• Try it: Given the material below, output exactly the lines from the line with "Produktbild: Hummer @" to the line with "Arla Pro Premium", both ends included, and no other lines.

• Records supplied:
——————
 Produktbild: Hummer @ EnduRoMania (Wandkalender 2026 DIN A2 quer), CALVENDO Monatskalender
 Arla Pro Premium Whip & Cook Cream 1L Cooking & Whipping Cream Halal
——————
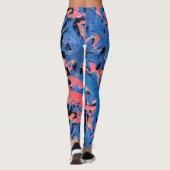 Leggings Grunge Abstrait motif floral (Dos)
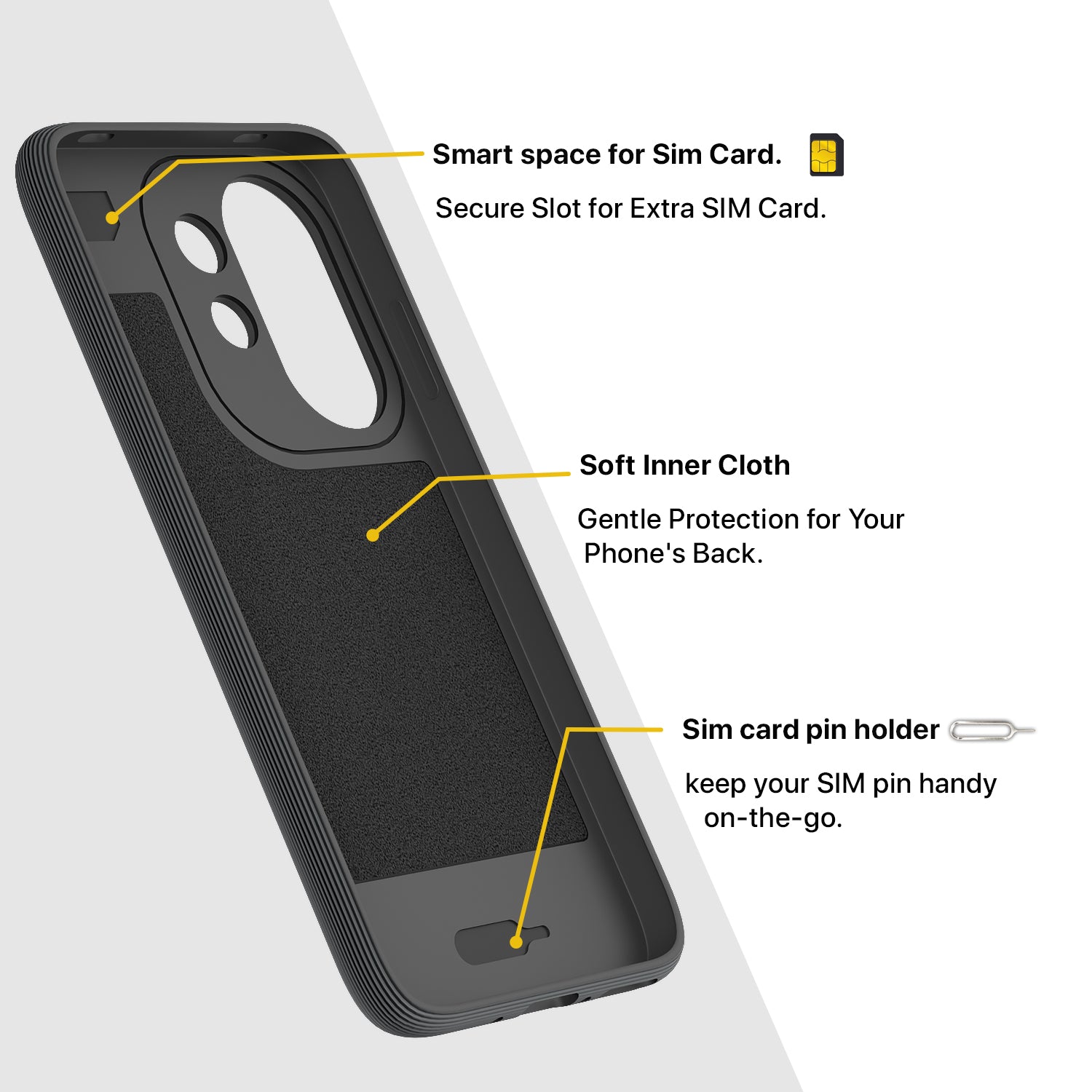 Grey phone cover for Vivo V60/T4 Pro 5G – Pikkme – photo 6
——————
• Answer to the exercise:
 Produktbild: Hummer @ EnduRoMania (Wandkalender 2026 DIN A2 quer), CALVENDO Monatskalender
 Arla Pro Premium Whip & Cook Cream 1L Cooking & Whipping Cream Halal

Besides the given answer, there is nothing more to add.